Um episódio na sessão de depoimentos de ontem deixou os deputados contrariados. Beraldin teria colocado em votação a quebra de sigilo bancário de 11 empresas no início da sessão, sem dar o nome das empresas envolvidas. Após a aprovação, os nomes foram divulgados à imprensa.

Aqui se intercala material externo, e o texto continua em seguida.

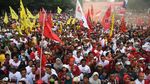 Momen Jokowi Ajak Relawan Foto Bersama di Kampanye Terbuka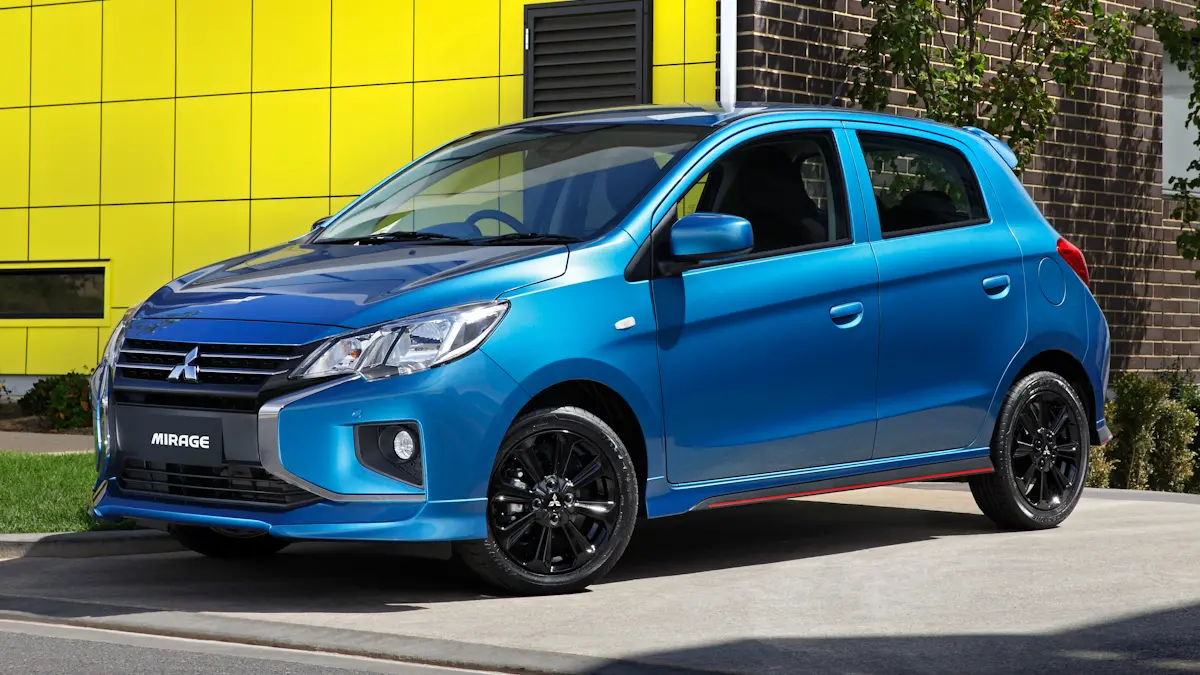Mitsubishi Mirage azul de frente em uma parede amarela Volkswagen Gol japonês carro popular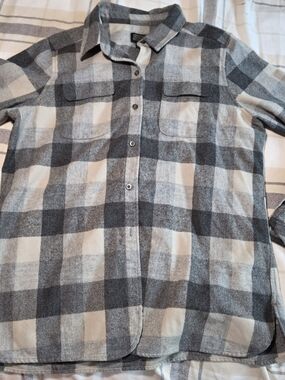Pendleton Men's Wool Flannel ButtonUp Shirt Long Sleeve  XL Missing 2 Buttons
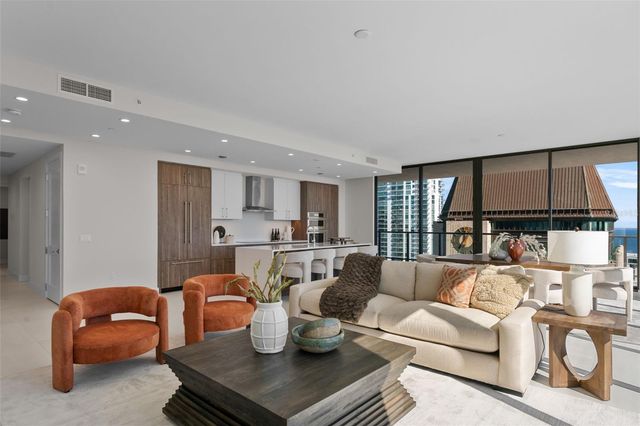 275 1ST AVENUE S 3205, St Petersburg, FL 33701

Para a deputada Elza Correia (PMDB), a estratégia foi equivocada. ''Isso pode dar margem a que essas empresas questionem na Justiça a decisão de quebrar o sigilo. Nós não estamos contra as empresas, mas sim contra quem lesou o Banestado'', afirmou Elza, que é relatora da CPI do Banestado.
O deputado Nelson Justus (PFL) também considerou precipitada a decisão de quebrar o sigilo das empresas ainda nos trabalhos iniciais da comissão. ''Não precisamos ter pressa. A comissão tem 120 dias para apresentar resultados, e ainda podemos prorrogar esse prazo. Além do mais, nenhum dos outros membros da comissão chegou a analisar os documentos para chegarmos a uma decisão'', argumentou Justus.
Beraldin afirmou que apenas os dados coletados pelo Ministério Público já justificariam a decisão de pedir a quebra de sigilo. ''Não houve precipitação. O que já foi coletado agora aponta claras irregularidades na condução das transações realizadas no Banestado na época'', rebateu o presidente da CPI.